Newcastle Arts Cuts: Lee Hall Replies

Published: 24 November 2012
Reporter: Peter Lathan

Lee Hall Credit: The Journal, Newcastle

Yesterday we ran a summary of Newcastle City Council's justification for its proposal to cut its entire arts budget. Now Newcastle-born playwright Lee Hall (Billy Elliot, The Pitman Painters) gives a detailed reply:

Like most people connected with the Arts I was stunned by Newcastle Council's announcement this week to cut the entire Arts budget for the City (£1.6m). It seemed a completely unnecessary draconian gesture but in the context of the £90m deficit trumpeted by the Council one wonders if it's inevitable, no matter how strong the cultural argument against it. However, when I looked at the report I saw a very different picture. The same document which outlines the total removal of arts funding boasts a £418m capital programme in the City—for the next three years alone—£79m of which comes directly from council resources. Much of this money will be spent to regenerate run down commercial areas of the city in the hope of encouraging new businesses, ironically, in the retail and 'leisure' sector. Apparently the Council find it perfectly fine to use council money to pay the admin staff of developers, builders, retailers in the commercial sector but not the admin staff, cleaners, accountants and caretakers of already thriving cultural businesses in the public sector. There's even an astonishing £1.2m ear-marked for "capital funding to enable council buildings to be incentivized to bid for asset transfer opportunities." i.e. doing them up to flog them to the private sector. Even the overall deficit starts to look problematic when you examine the detail. The actual fall in revenue from central government is £39m but the figures pump this up to the £90m by estimating £21.7m for inflation and nearly another £30m for some other vague intangibles. The "cost of the downturn" is reckoned to be more than the entire arts budget for the whole three years. I smell sophistry.

The Council's defence will inevitably be that there is a difference in Revenue and Capital spend but as anybody knows most of any Capital spend goes on wages. Indeed the report boasts about the fact that this capital spend will help jobs in the construction industry yet at the very same time outlines the plans to lay off librarians and ordinary admin staff who work in theatres and museums. Quite clearly there is money to continue funding the libraries, museums and the Arts. Live Theatre's grant of £89,000 per year is 0.06% of this discretionary capital spend for the same period. The entire Arts budget is 0.38 % percent of this capital spend and only 0.7% of the general council budget. It directly supports hundreds of jobs but also brings business for restaurants, bars and hotels in the City. Yet the Council is happy to wage a nuclear attack and wipe out all Arts funding, not even trying to strategically protect a single institution.

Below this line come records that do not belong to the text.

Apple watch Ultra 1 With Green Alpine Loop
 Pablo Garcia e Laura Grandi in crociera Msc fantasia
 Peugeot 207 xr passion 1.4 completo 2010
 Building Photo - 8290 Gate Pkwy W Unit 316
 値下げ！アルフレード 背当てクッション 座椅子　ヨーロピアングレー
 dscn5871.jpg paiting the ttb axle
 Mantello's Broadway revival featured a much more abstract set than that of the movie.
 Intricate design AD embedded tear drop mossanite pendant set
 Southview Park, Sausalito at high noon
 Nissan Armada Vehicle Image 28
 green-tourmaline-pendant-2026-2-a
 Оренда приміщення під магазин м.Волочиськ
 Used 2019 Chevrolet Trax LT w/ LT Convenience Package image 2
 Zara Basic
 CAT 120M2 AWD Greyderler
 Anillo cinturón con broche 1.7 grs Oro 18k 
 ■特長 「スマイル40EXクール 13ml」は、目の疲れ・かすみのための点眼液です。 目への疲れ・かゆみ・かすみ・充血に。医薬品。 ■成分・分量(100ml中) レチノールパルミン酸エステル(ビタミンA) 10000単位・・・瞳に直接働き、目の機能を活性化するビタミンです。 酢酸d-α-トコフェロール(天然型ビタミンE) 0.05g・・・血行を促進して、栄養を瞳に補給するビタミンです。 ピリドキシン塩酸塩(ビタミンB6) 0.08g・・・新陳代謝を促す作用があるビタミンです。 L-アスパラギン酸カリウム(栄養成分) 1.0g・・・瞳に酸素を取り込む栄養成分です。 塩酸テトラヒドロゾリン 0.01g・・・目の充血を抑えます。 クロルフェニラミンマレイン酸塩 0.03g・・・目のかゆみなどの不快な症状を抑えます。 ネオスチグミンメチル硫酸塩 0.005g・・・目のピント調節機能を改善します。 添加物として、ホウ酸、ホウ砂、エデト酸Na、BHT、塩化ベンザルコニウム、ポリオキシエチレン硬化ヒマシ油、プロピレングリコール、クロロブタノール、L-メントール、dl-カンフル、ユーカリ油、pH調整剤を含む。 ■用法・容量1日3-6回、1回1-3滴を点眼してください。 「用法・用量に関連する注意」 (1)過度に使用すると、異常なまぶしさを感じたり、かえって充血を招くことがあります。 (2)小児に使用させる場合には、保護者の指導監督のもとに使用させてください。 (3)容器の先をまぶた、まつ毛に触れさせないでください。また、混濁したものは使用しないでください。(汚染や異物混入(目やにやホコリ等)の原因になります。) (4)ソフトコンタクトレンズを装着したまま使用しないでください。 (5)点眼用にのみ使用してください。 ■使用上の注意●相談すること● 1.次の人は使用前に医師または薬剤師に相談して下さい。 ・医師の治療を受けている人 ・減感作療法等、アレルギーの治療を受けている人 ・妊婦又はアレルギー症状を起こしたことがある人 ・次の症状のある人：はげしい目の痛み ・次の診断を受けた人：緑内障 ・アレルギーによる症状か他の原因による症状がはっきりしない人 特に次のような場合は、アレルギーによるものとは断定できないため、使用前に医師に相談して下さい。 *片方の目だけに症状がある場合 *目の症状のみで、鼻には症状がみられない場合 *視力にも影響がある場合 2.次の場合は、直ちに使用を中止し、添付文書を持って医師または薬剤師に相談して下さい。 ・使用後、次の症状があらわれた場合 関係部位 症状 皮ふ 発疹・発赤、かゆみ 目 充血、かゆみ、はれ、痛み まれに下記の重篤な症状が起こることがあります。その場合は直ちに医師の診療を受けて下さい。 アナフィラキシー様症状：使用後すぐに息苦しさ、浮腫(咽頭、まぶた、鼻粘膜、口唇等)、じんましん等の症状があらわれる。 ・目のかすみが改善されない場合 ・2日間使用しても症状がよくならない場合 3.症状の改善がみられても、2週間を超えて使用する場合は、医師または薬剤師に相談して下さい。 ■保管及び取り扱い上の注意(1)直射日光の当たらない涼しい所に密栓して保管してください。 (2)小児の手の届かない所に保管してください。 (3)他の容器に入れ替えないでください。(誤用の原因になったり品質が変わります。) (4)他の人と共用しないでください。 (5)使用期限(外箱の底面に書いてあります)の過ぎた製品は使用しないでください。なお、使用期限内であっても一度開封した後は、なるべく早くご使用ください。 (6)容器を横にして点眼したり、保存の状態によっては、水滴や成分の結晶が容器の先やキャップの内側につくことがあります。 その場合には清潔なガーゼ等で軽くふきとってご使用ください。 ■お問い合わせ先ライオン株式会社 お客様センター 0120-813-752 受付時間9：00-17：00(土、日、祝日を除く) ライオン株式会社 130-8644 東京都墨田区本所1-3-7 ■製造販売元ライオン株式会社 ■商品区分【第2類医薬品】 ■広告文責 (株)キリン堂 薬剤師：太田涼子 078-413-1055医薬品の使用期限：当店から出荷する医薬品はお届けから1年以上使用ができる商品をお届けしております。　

This is a straightforward attack on the Arts buried underneath a load of smoke and mirrors about austerity. They can't have it both ways. It is simply fiscally dishonest and illiterate not to count the economic value of the cultural businesses in Newcastle. Whenever I have a sell-out show the restaurants around the theatre are also full. You would think a vibrant cultural life is vitally important to attract the high fliers the council are trying to attract to the area, let alone to provide succour to the tax payers of the City. These plans outline the transfer of an enormous amount of public money to the private sector. This is not the simple fiscal crisis the Council are claiming it to be. Something is wrong. Look at the figures. It just does not add up.